Build an enterprise data mesh with Amazon DataZone, AWS CDK, and AWS CloudFormation
Created by Dhrubajyoti Mukherjee (AWS), Adjoa Taylor (AWS), Ravi Kumar (AWS), and Weizhou Sun (AWS)
Code repository: Data mesh with Amazon DataZone | Environment: Production | Technologies: Analytics; Business productivity; Databases; Modernization; Multi account strategy |
AWS services: Amazon Athena; AWS CDK; AWS CloudFormation; Amazon DataZone; AWS Glue; AWS Identity and Access Management; Amazon QuickSight; Amazon S3 |
Summary
On Amazon Web Services (AWS), customers understand that data is the key to accelerating innovation and driving business value for their enterprise. To manage this massive data, you can adopt a decentralized architecture such as data mesh. A data mesh architecture facilitates product thinking, a mindset that takes customers, goals, and the market into account. Data mesh also helps to establish a federated governance model that provides fast, secure access to your data.
Strategies for building a data mesh-based enterprise solution on AWS discusses how you can use the Data Mesh Strategy Framework to formulate and implement a data mesh strategy for your organization. By using the Data Mesh Strategy Framework, you can optimize the organization of teams and their interactions to accelerate your data mesh journey.
This document provides guidance on how to build an enterprise data mesh with Amazon DataZone. Amazon DataZone is a data management service for cataloging, discovering, sharing, and governing data stored across AWS, on premises, and third-party sources. The pattern includes code artifacts that help you deploy the data mesh‒based data solution infrastructure using AWS Cloud Development Kit (AWS CDK) and AWS CloudFormation. This pattern is intended for cloud architects and DevOps engineers.
For information about the objectives of this pattern and the solution scope, see the Additional information section.
Prerequisites and limitations
Prerequisites
A minimum of two active AWS accounts: one for the central governance account and another for the member account
AWS administrator credentials for the central governance account in your development environment
AWS Command Line Interface (AWS CLI) installed to manage your AWS services from the command line
Node.js and Node Package Manager (npm) installed
to manage AWS CDK applications AWS CDK Toolkit installed globally in your development environment by using npm, to synthesize and deploy AWS CDK applications
npm install -g aws-cdk
Python version 3.12 installed in your development environment
TypeScript installed in your development environment or installed globally by using npm compiler:
npm install -g typescript
Docker installed in your development environment
A version control system such as Git to maintain the source code of the solution (recommended)
An integrated development environment (IDE) or text editor with support for Python and TypeScript (strongly recommended)
Limitations
The solution has been tested only on machines that are running Linux or macOS.

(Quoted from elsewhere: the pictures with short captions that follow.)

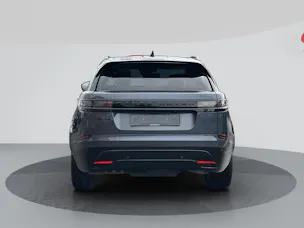 Land Rover Range Rover Velar D 200 Black Automatic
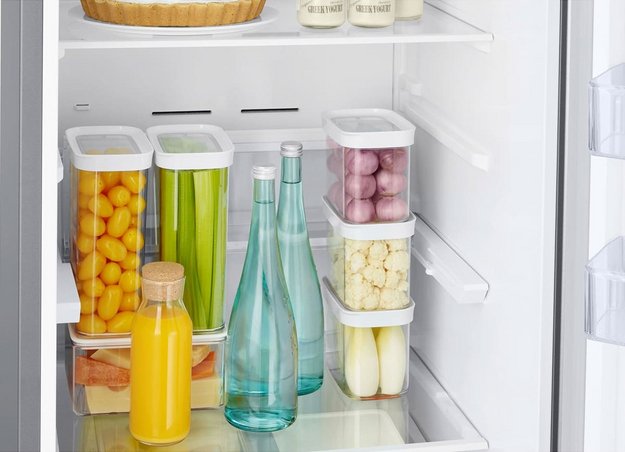 Холодильник Samsung RB38C671DSA/EF (preview 6)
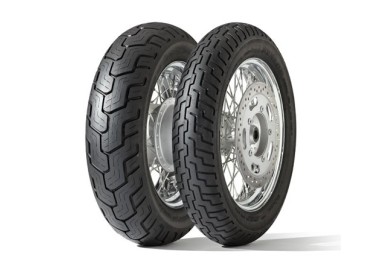CUBIERTA DUNLOP 150/80-16 71H TL D404 Q R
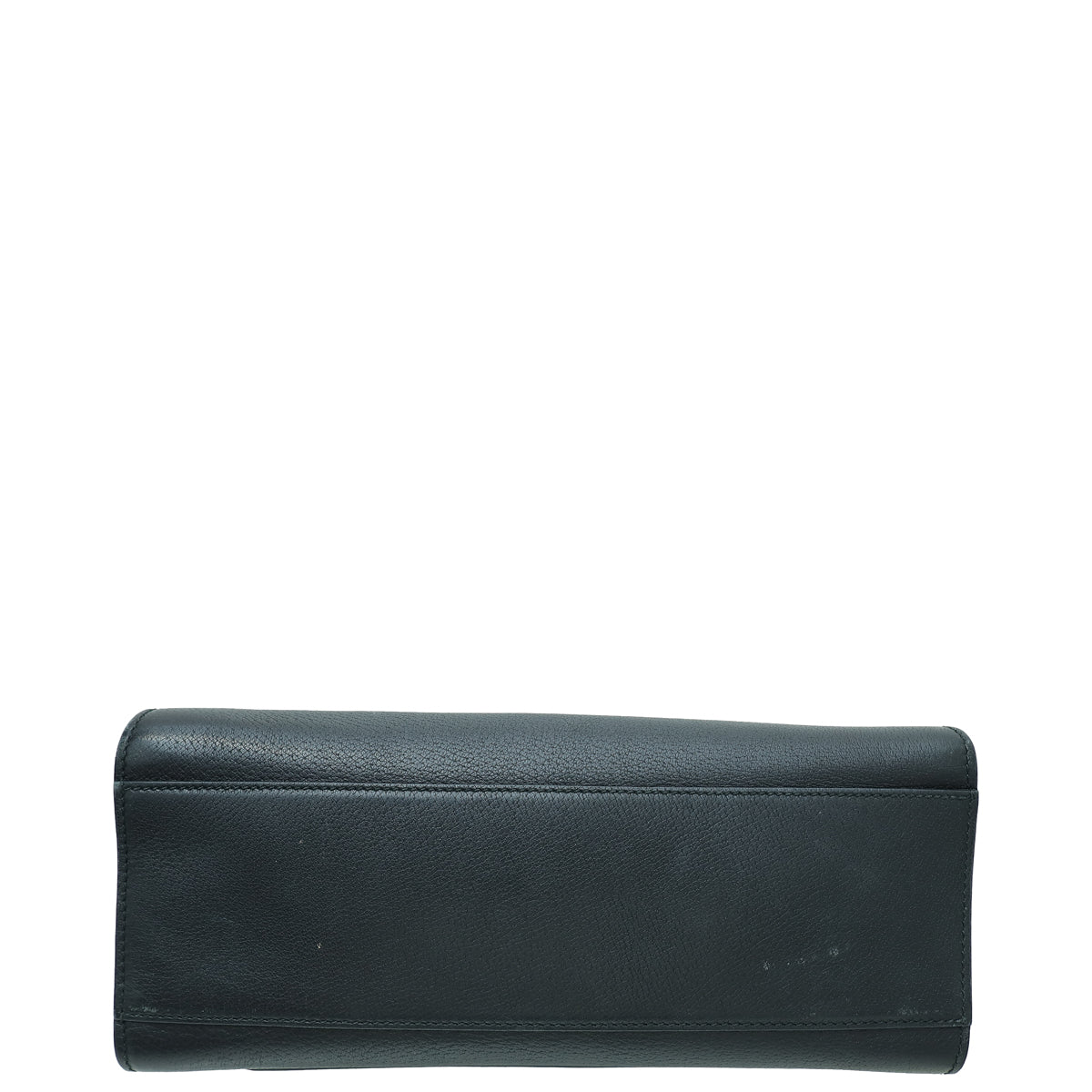 Gucci Leather Tote
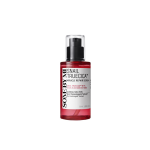 SOME BY MI, regeneruojantis serumas su juodųjų sraigių mucinu, Snail Truecica Miracle Repair, 50 ml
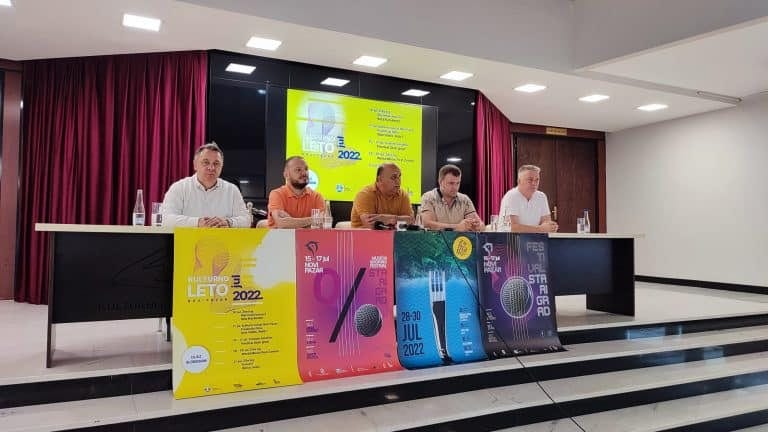 Dani dijaspore u Novom Pazaru (video)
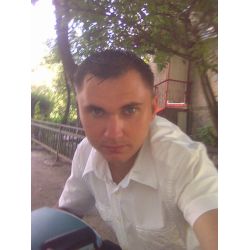 Корж Денис Анатольевич Торговый представитель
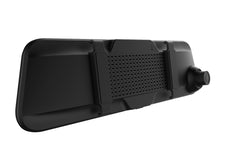 12 Dual Lens Rearview Camera Tachograph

In the current version, the solution doesn’t support the integration of Amazon DataZone and AWS IAM Identity Center by default. However, you can configure it to support this integration.
Product versions
Python version 3.12
Architecture
The following diagram shows a data mesh reference architecture. The architecture is based on Amazon DataZone and uses Amazon Simple Storage Service (Amazon S3) and AWS Glue Data Catalog as data sources. The AWS services that you use with Amazon DataZone in your data mesh implementation might differ, based on your organization's requirements.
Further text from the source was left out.